Exercise.
Below are entries; output exactly the lines from the one with "AliceWonderful998 from StripChat is Freechat" to the one with "TWICE the story goes on musickorea 모모", both included, and nothing else.
━━━━━━━━━━
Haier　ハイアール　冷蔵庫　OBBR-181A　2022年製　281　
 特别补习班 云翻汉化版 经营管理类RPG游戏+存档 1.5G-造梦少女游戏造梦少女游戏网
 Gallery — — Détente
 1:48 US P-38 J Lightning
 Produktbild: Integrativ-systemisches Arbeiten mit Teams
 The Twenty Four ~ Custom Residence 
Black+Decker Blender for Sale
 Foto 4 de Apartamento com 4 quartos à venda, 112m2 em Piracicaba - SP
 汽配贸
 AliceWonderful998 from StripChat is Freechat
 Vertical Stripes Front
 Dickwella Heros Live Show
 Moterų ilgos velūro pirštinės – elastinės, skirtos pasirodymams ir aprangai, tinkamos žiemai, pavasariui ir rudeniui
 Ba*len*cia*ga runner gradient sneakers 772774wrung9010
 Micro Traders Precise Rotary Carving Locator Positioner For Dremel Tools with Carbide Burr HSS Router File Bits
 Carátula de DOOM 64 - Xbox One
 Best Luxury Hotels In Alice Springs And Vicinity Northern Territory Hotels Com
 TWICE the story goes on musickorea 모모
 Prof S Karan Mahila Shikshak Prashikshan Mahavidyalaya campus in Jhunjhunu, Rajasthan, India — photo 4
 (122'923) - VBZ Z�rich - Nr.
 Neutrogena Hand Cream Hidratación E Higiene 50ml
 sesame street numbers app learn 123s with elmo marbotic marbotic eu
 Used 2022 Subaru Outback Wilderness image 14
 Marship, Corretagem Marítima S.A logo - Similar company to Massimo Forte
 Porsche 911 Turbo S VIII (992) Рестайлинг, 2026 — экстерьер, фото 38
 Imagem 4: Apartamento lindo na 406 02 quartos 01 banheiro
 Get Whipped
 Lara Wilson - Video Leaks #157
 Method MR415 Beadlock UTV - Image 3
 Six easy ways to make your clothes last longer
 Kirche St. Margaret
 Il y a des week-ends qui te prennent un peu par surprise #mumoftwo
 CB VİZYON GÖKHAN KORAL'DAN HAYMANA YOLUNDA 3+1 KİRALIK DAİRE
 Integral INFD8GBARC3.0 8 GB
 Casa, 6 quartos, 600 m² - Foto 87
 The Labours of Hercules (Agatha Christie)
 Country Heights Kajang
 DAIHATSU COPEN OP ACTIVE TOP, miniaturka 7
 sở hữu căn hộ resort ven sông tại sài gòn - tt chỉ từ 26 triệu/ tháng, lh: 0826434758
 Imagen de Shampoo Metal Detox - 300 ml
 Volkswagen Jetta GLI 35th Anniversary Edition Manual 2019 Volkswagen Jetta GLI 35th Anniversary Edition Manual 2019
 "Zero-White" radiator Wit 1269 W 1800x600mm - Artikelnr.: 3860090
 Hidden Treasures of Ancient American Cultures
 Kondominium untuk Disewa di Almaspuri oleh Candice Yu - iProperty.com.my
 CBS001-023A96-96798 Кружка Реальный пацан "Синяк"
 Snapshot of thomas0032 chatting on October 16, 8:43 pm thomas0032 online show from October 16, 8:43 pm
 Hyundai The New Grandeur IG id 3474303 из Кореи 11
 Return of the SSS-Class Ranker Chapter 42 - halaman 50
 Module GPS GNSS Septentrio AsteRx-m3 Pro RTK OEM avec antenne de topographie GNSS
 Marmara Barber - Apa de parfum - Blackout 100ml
━━━━━━━━━━
Answer space.
 AliceWonderful998 from StripChat is Freechat
 Vertical Stripes Front
 Dickwella Heros Live Show
 Moterų ilgos velūro pirštinės – elastinės, skirtos pasirodymams ir aprangai, tinkamos žiemai, pavasariui ir rudeniui
 Ba*len*cia*ga runner gradient sneakers 772774wrung9010
 Micro Traders Precise Rotary Carving Locator Positioner For Dremel Tools with Carbide Burr HSS Router File Bits
 Carátula de DOOM 64 - Xbox One
 Best Luxury Hotels In Alice Springs And Vicinity Northern Territory Hotels Com
 TWICE the story goes on musickorea 모모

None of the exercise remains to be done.